**Work item**
Transcribe only the part of the material below that begins at the line containing "Školní zimní olympiáda na ledě, 18. 2. 2026" and ends at the line containing "Гладиолус Присцилла 10/12 5 Эконом шт", with both kept and images left out.
BEGIN Record excerpts
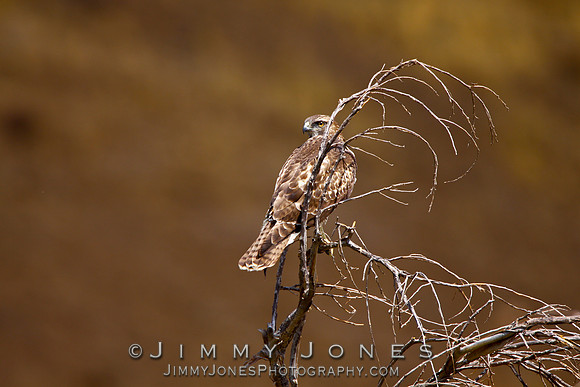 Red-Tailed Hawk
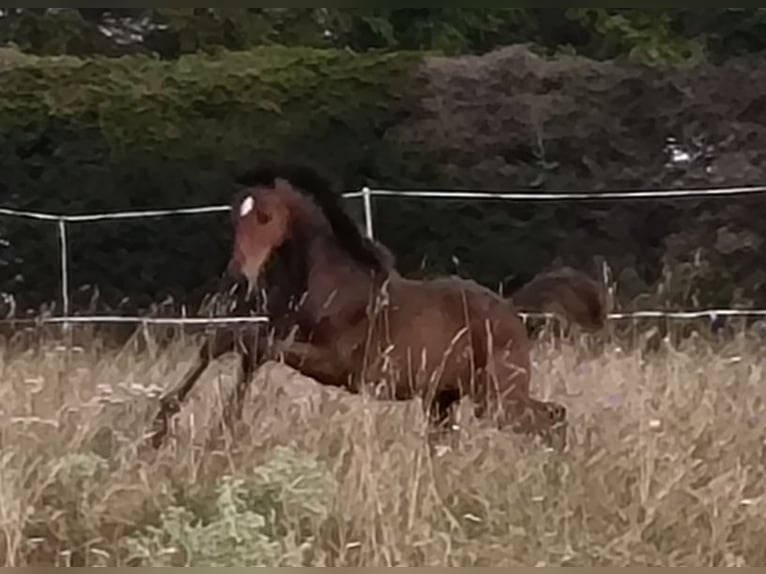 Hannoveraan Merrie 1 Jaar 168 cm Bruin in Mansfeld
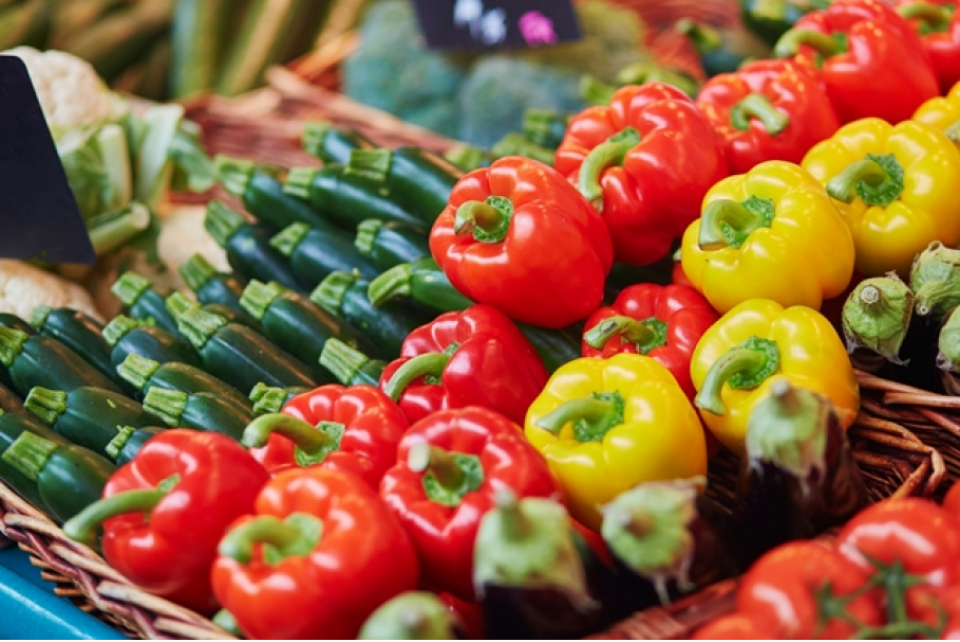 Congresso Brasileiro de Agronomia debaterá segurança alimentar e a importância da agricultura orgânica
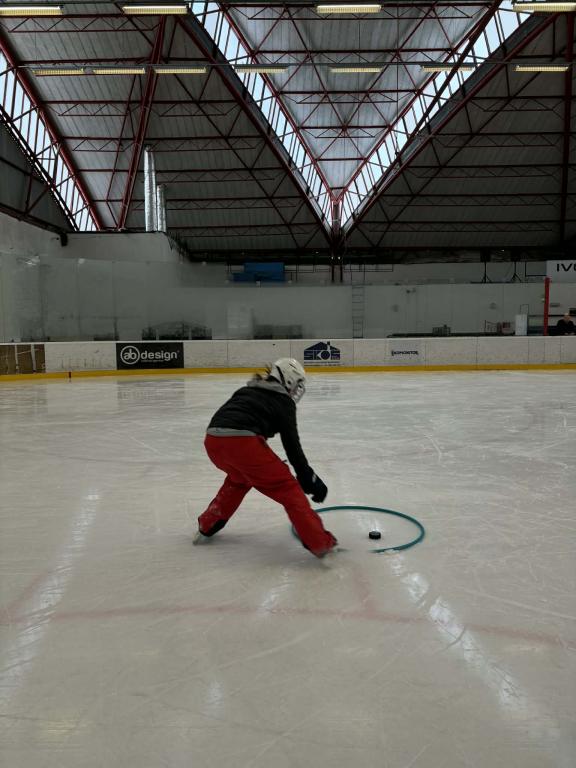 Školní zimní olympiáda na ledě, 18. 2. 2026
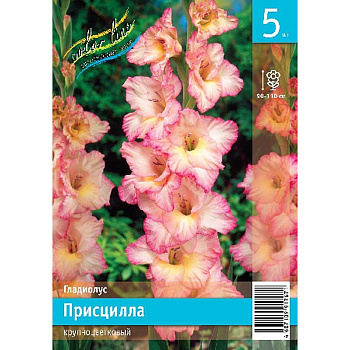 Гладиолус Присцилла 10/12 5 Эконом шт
END Record excerpts
BEGIN Record excerpts
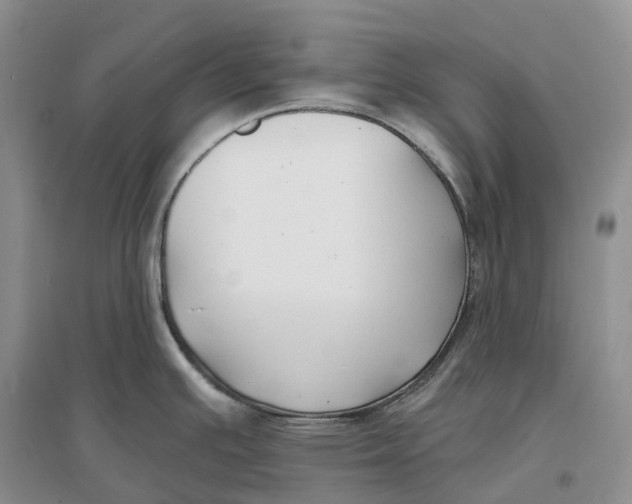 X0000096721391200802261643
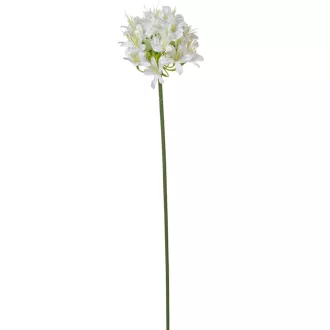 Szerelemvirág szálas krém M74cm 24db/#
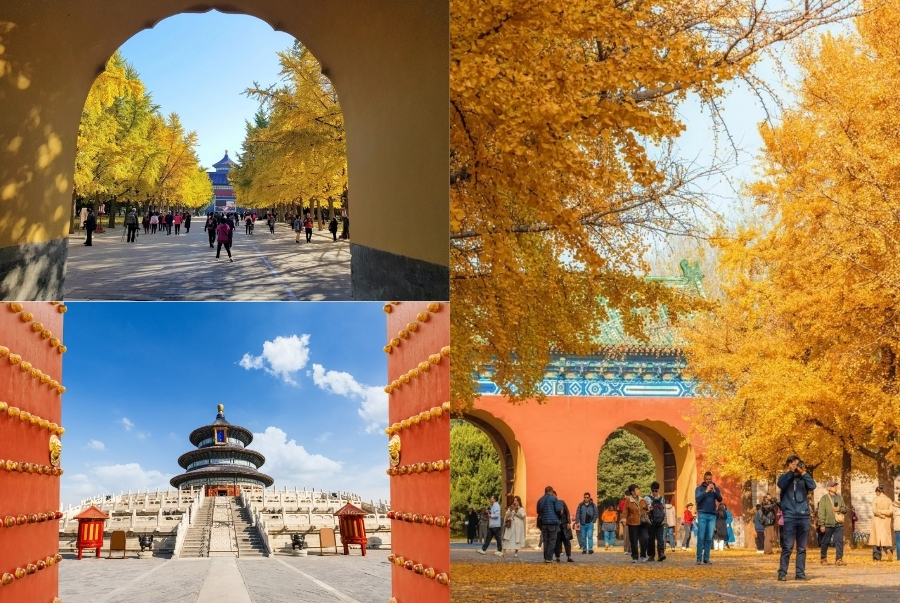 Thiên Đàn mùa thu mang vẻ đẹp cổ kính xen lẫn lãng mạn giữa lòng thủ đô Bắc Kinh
END Record excerpts
**Solution below**
 Školní zimní olympiáda na ledě, 18. 2. 2026
 Гладиолус Присцилла 10/12 5 Эконом шт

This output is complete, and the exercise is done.